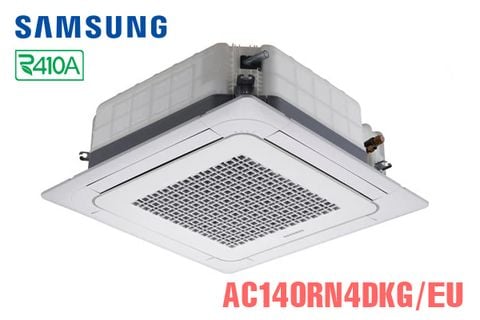 Điều hòa âm trần 48000BTU 2 chiều Samsung AC140RN4DKG/EU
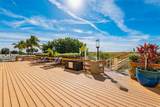 12000 Gulf Boulevard - Photo 66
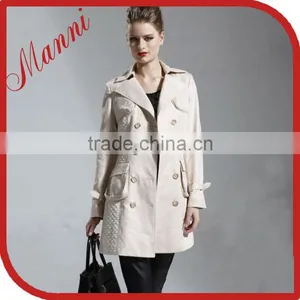 Coat Women Women Winter Coats Women Fashion Coats 2014 thumbnail-1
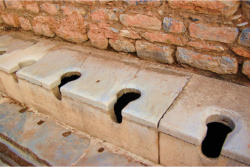 potties1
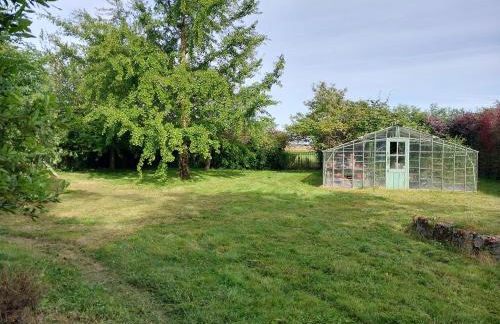 Petite maison - Photo 16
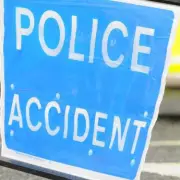 85-Year-Old Pensioner Dies Following Mobility Scooter Collision in Doncaster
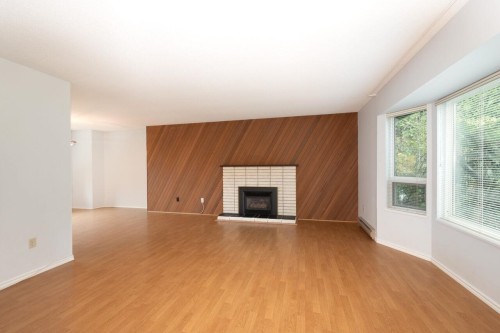 1285 Lucking Place, North Vancouver, BC 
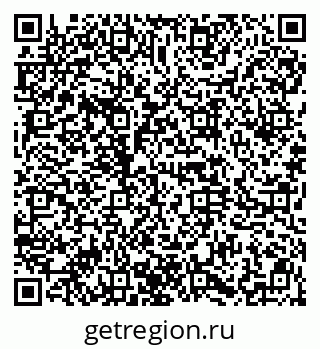 79914665191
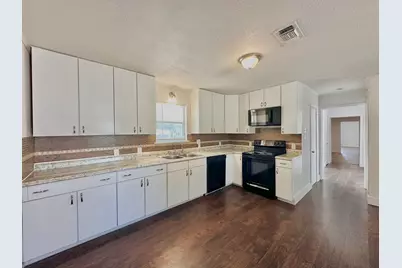 161 Elizabeth Street #A, Pottsboro, TX 75076 - Photo 1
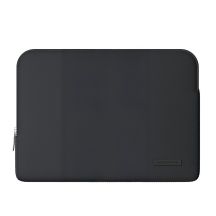 Torba na laptopa AMAZINGTHING Minimal BasicBag do MacBook Neo 13" - czarna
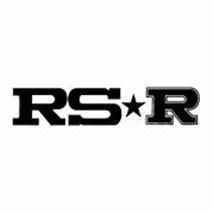 RS-R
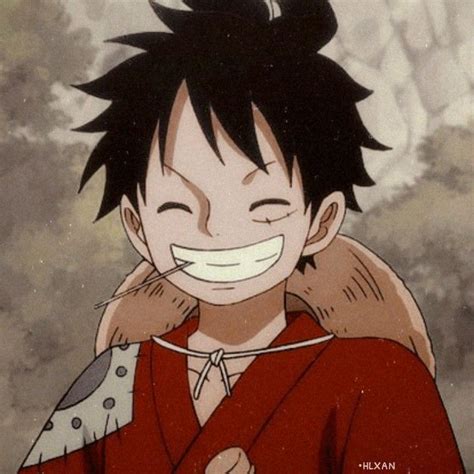 534 Luffy Qlf Wallpaper Images - MyWeb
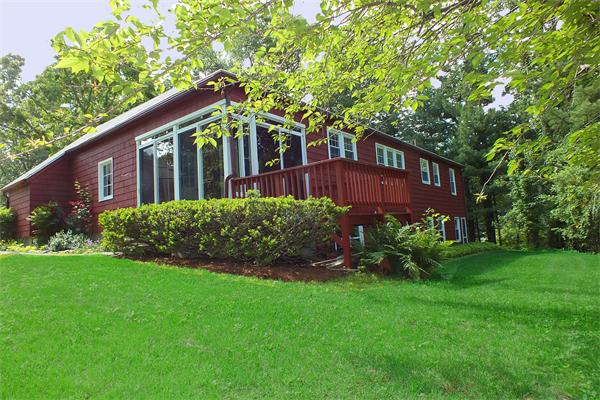 65 Amble Road Chelmsford, MA 01824 - Photo 19 of 20 Gallery Image 19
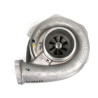 Turbo Mercedes LK LN2 5.7 6.0 158 170 201 204 211 KM 409300-0024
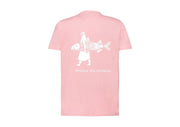 T-shirt amona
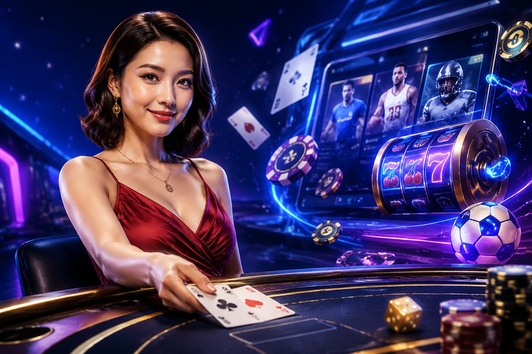 9qbet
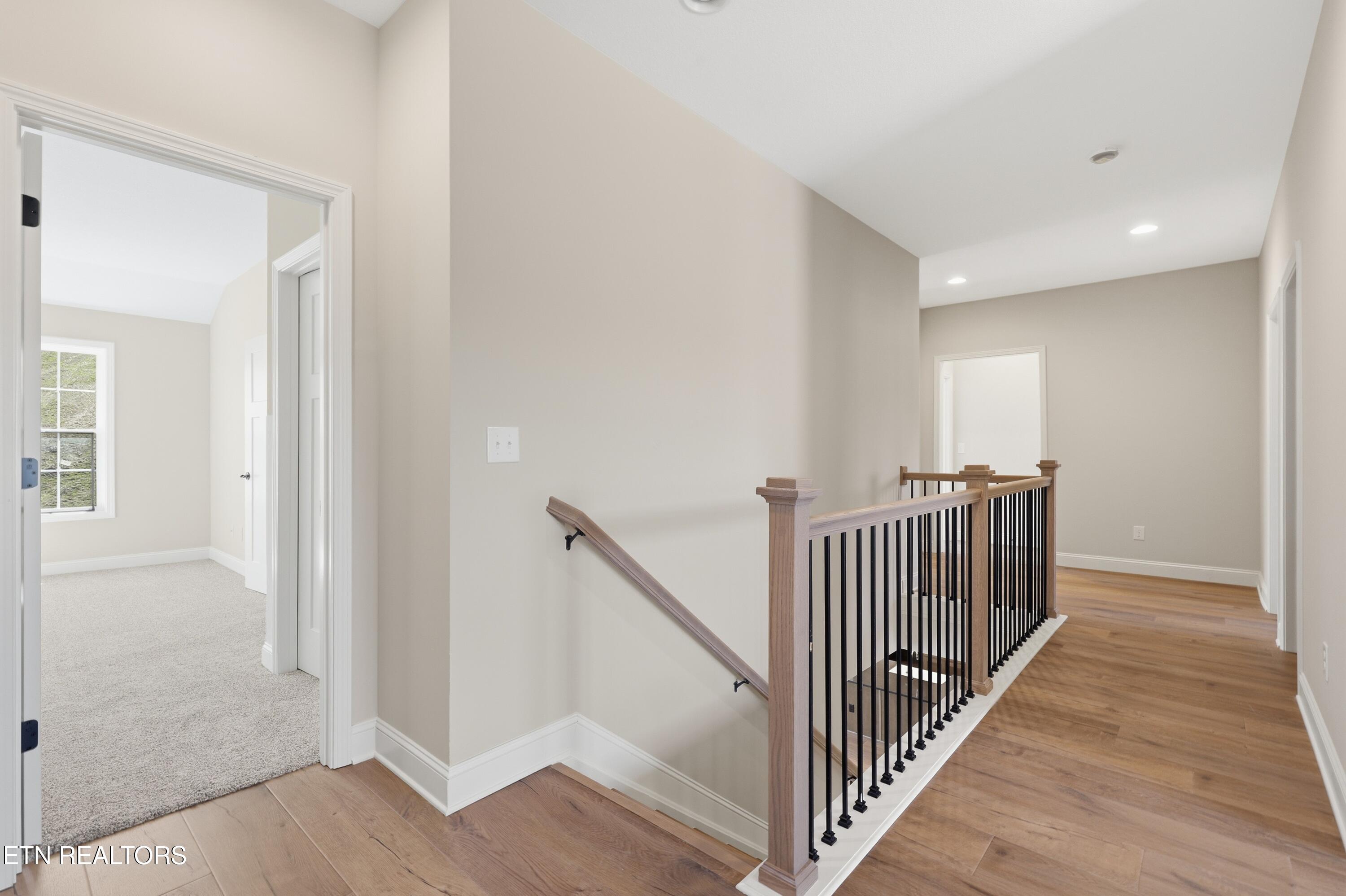 12264 Bethel Hollow Drive Knoxville TN 37932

───

The answer is the lines of the material above, from the one containing "85-Year-Old Pensioner Dies" down to the one containing "65 Amble Road", given exactly and without images.

=== WRITTEN ANSWER ===
 85-Year-Old Pensioner Dies Following Mobility Scooter Collision in Doncaster
 1285 Lucking Place, North Vancouver, BC 
 79914665191
 161 Elizabeth Street #A, Pottsboro, TX 75076 - Photo 1
 Torba na laptopa AMAZINGTHING Minimal BasicBag do MacBook Neo 13" - czarna
 RS-R
 534 Luffy Qlf Wallpaper Images - MyWeb
 65 Amble Road Chelmsford, MA 01824 - Photo 19 of 20 Gallery Image 19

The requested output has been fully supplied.